EL hombre que nos mira desde la fotografía es el prototipo del odio y la vileza. La Policía lo acusa de matar y violar a una niña de tres años, hija de su compañera sentimental. Su mirada es cabizbaja y huidiza, su gesto hostil, su boca torva y despreciativa. Un agente de la Policía, cuyo rostro ha sido reglamentariamente desfigurado, retiene el brazo del malhechor a la altura del codo. Lo retiene con ambas manos, como si todo el esfuerzo por prevenir la reacción colérica y violenta de un individuo tan despreciable fuera poco. El tipo anda por los treinta años; viste un jersey a la caja y gasta esa barba corta e inquietante que llevan todos los detenidos cuando abandonan la celda de la comisaría camino del juzgado. Yo siempre me he preguntado por qué razón todos los detenidos tienen rostros de culpables en la fotos policiales; nunca he llegado a saber cómo se produce y en qué momento esa horrible metamorfosis, cómo el rostro confortable y anodino de un hombre inocente se transforma en pocas horas en el de un asesino repugnante con el pelo revuelto, las comisuras desfiguradas y los ojos airados.

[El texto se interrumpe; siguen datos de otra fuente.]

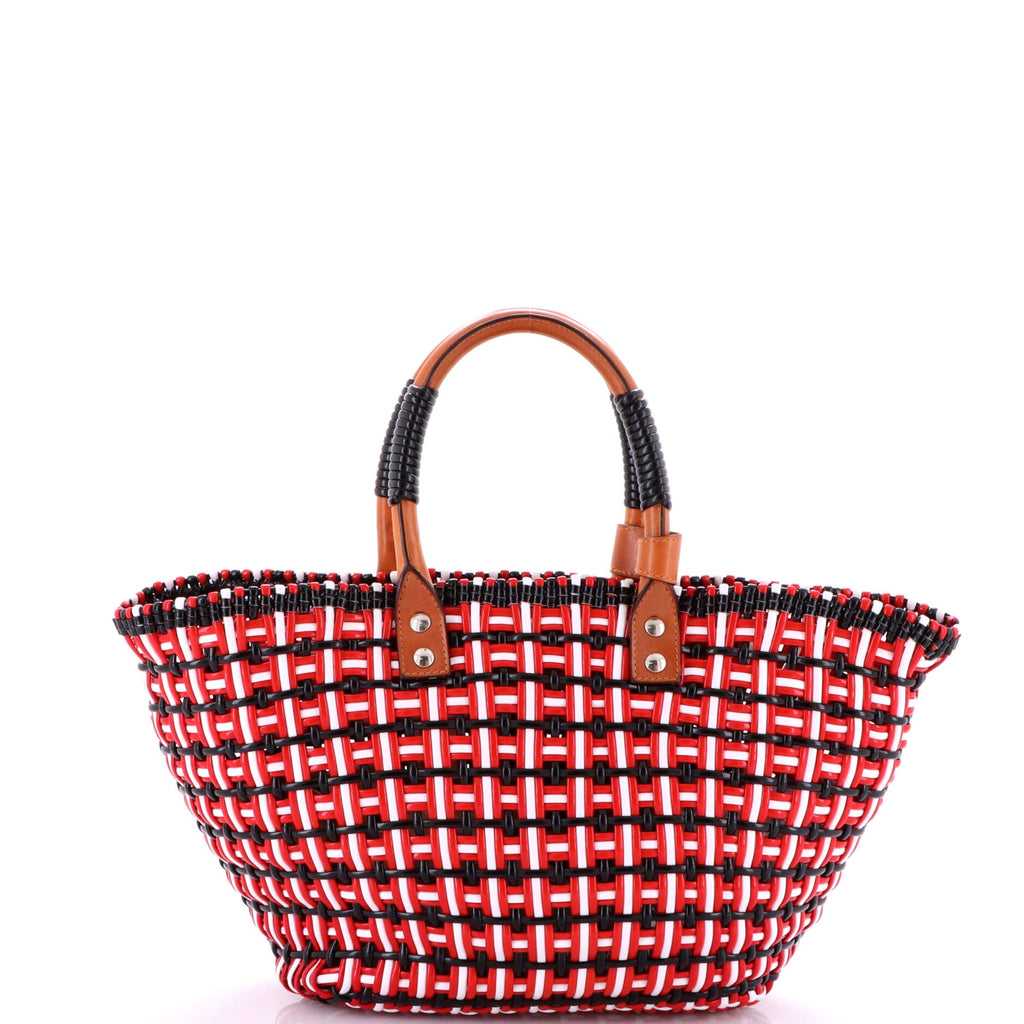 Bistro Panier Bag Woven Faux Leather Small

Cuando el fotógrafo lo retrató, nuestro hombre era uno de los sujetos más odiados de España. El crimen que le atribuían era tan horrendo que era imposible un gramo de piedad o de clemencia. Su gesto esquivo y medroso era un fiel retrato de un asesino horrible y sin remisión, uno de esos tipos que la gente de buen corazón lincharía sin pensárselo dos veces. De hecho, cuando el sábado salió en televisión alguien comentó: "A ése hay que ponerle una bomba. Ésa es la justicia que tendría que haber en este país". Una bomba, la justicia. Otras gentes también de buen corazón, pero ligeramente más piadosa y un poco más razonable, en vez de un explosivo y ¡bumba! estaría dispuesta a exigir la pena de muerte, a suscribir escritos para reclamar la implantación de la pena capital para los asesinos y violadores de niños. Lo más misericordiosos reducirían su indignación a implantar la cadena perpetua. De hecho, siempre que ocurre uno de esos crímenes terribles, hay gente dispuesta a firmar lo que sea.

Los gobiernos, ante campañas mediáticas de ese porte, acaban muchas veces plegándose y aceptan endurecer los códigos no mediante un largo proceso reflexivo sino a golpe de crimen popular, como si fueran lectores de El Caso. El error es mayúsculo en todos los órdenes, sobre todo en el orden ético, cuando se legisla así.

En el caso del hombre de la foto el yerro es aún más tremendo, pues el sábado, horas después de su llegada al juzgado, fue puesto en libertad por falta de pruebas. Un forense confundió las lesiones de la niña. Me pregunto si la gente de buen corazón será capaz de olvidar su rostro de asesino.